Energies, Vol. 18, Pages 5325: Simplified Mechanisms of Nitrogen Migration Paths for Ammonia-Coal Co-Combustion Reactions
Energies doi: 10.3390/en18195325
Authors:
Yun Hu
Fang Wu
Guoqing Chen
Wenyu Cheng
Baoju Han
Kexiang Zuo
Xinglong Gao
Jianguo Liu
Jiaxun Liu
Ammonia–coal co-combustion has emerged as a promising strategy for reducing carbon emissions from coal utilization, although its underlying reaction mechanisms remain insufficiently understood.

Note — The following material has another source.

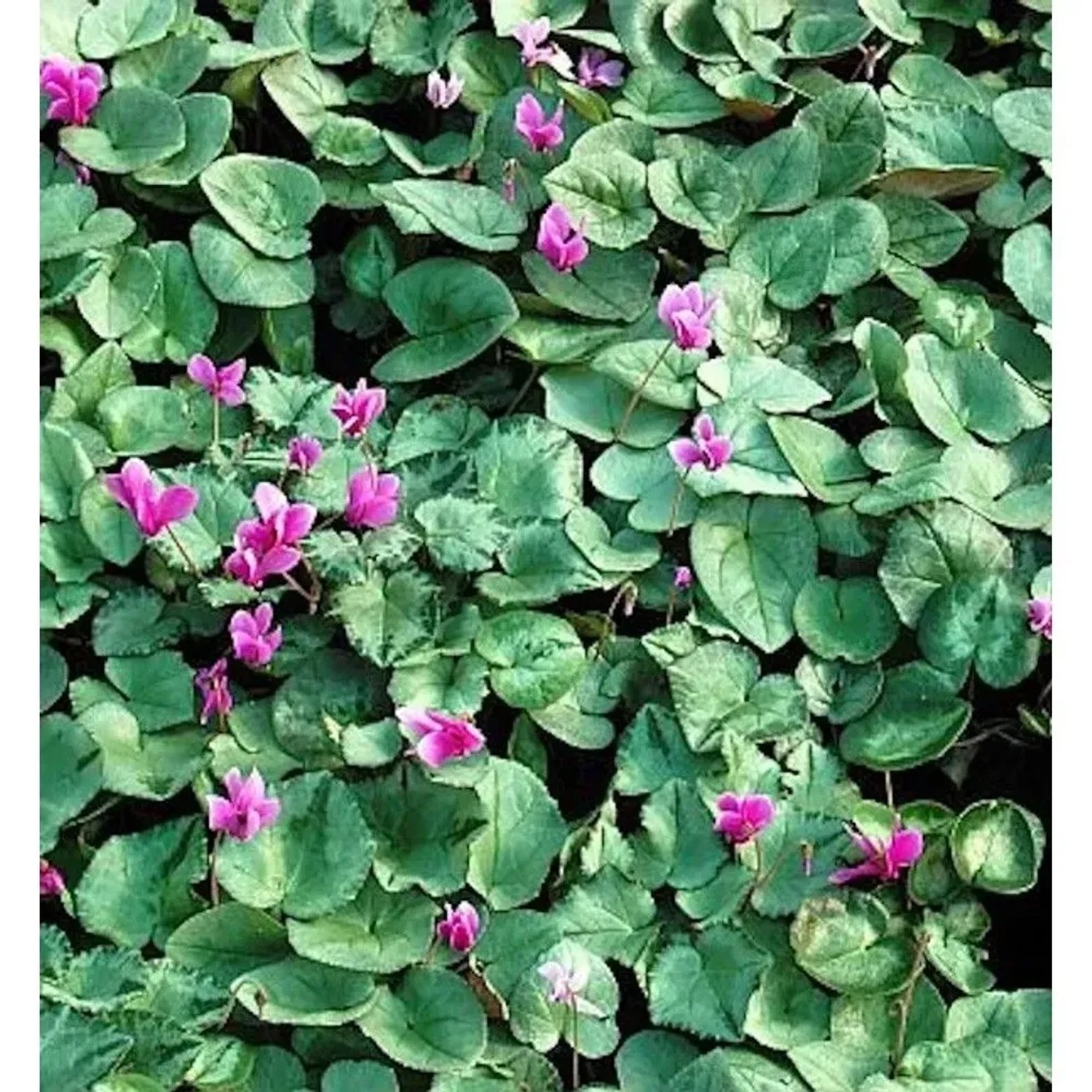Herbst Alpenveilchen Silverleaf - Cyclamen hederifolium_2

The Chemkin simulation of zero-dimensional homogeneous reaction model and entrained flow reaction model was employed here, and the ROP (rate of production) and sensitivity analysis was performed for analyzing in-depth reaction mechanisms. The nitrogen conversion pathways were revealed, and the mechanisms were simplified. Based on simplified mechanisms, molecular-level reaction pathways and thermochemical conversion networks of nitrogen-containing precursors were established. The results indicate that NO emissions peak at a 30% co-firing ratio, while N2O formation increases steadily. The NH radical facilitates NO reduction to N2O, with NH + NO → N2O + H identified as the dominant pathway. Enhancing NNH formation and suppressing NCO intermediates are key to improving nitrogen conversion to N2. This paper quantifies the correlation between NOx precursors such as HCN and NH3 and intermediates such as NCO and NNH during ammonia–coal co-firing and emphasizes the important role of N2O. These insights offer a molecular-level foundation for designing advanced ammonia–coal co-combustion systems aimed at minimizing NOx emissions.